Here are some key difference between professional drones (tools for the working man/woman) and their cheaper counterparts (toys):

  • The transmitter – a toy drone will come with its own transmitter, used for flying it around. Usually, these will be designed specifically for that model and you won’t be able to interface any other transmitter with it. A professional drone will have support to allow you to sync a heap of proper RC transmitters to it.
     
  • Autonomous flight – a toy typically won't come with a ground station or support any of the interesting functionality you will find in a high-end drone. Be aware that if you want it to fly itself, you’re going to need to spend a little more cash.
     
  • Batteries and chargers – usually, a toy drone will have a small battery with it that you can charge only using the manufacturer's specifically branded charger. This results in poor flight time and long charge times. Some don’t even have external chargers and require you to plug the drones in to power points, which means you cannot be charging batteries and flying simultaneously. High-end drones will support standard lithium polymer batteries with generic connectors. These can be charged off an array of lithium polymer chargers and allow you to fly and charge simultaneously.
     
  • Video – if you find a cheap little drone with built-in video, don’t get too excited. These built-in cameras are typically low-quality and the video links they generate will be grainy and delayed. Professional drones allow the user to attach various types of cameras and to upgrade the transmission link. This ensures you can get the image quality you require.
     
  • Spare parts – unfortunately, a reality of flying anything is that it won’t always come down as gently as it should. If it does land badly, it will most likely require some spare parts to get it back up in the air. The toys will not come with, or have readily available spare parts - you will be expected to buy a whole new unit. The professional drones will have every little par covered, from landing gear to prop blades. This is not only good for crashes but is also useful for any upgrades you may be able to foresee. 

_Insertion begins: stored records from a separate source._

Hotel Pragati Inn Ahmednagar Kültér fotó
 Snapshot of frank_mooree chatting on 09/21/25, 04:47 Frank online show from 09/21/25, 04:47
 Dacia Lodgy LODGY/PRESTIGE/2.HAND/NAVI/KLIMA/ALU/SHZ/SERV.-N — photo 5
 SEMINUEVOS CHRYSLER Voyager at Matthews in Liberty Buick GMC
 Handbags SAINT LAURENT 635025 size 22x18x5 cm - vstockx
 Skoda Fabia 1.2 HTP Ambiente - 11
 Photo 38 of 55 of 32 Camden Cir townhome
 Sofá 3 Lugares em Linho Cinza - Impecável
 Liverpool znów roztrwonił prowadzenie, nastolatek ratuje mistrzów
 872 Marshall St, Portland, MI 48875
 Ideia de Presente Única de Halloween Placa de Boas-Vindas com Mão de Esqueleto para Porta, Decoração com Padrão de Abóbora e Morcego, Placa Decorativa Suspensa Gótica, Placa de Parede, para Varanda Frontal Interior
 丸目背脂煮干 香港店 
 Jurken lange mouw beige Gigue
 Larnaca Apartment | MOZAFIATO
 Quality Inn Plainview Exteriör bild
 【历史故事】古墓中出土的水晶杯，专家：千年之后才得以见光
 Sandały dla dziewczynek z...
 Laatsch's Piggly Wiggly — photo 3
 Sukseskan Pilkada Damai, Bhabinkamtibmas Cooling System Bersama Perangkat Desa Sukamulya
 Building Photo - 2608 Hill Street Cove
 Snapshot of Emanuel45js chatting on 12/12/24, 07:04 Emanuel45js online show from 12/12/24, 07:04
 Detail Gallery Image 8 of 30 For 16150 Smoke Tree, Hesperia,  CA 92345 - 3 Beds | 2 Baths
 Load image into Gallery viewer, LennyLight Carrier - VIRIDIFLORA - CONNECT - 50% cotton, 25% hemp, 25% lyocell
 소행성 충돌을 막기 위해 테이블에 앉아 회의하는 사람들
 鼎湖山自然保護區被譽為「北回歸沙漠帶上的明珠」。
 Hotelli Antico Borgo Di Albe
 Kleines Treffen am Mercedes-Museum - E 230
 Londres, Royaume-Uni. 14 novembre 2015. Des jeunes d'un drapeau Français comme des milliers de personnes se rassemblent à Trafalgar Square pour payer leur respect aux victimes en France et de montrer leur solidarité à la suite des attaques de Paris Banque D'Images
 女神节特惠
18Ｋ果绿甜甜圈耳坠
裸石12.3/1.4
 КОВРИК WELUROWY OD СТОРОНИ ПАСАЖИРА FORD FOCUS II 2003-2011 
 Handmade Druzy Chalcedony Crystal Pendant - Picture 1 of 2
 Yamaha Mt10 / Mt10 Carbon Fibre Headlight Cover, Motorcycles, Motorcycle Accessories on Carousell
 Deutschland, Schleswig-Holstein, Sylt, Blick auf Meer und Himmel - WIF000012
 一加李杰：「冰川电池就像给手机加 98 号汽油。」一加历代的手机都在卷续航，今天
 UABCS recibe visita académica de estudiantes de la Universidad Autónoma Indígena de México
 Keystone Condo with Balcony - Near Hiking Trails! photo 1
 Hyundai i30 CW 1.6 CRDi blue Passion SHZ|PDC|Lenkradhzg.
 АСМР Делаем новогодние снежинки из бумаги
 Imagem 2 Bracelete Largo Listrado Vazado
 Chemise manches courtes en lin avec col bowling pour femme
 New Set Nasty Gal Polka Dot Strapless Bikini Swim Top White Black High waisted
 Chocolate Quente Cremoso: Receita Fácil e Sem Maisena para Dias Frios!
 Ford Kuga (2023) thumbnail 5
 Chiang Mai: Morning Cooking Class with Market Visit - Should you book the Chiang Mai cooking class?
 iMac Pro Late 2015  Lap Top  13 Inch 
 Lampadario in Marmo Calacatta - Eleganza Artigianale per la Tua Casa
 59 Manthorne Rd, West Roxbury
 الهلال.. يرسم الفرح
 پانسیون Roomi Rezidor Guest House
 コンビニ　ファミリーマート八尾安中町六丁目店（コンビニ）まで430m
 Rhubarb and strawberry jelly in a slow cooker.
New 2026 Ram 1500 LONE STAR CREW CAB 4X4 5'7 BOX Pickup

6. Warranties, spare parts and repairs: the advantage of purchasing direct from a manufacturer 

Computer engineer and designer of drones for Robotic Systems, Cameron Owen (centre).
Computer engineer and designer of drones for Robotic Systems, Cameron Owen (centre).
Robotic Systems

Now, don’t get me wrong here; the internet is a great place to get good deals if you know what you’re looking for. If you’re not quite sure, you are better off purchasing direct from the retailer. This ensures you can ask the questions that I've previously mentioned you need to know. You will also be covered by any warranties the retailer offers. A good retailer can also help you to source spare parts and upgrades for those sad times when flying doesn’t quite go to plan.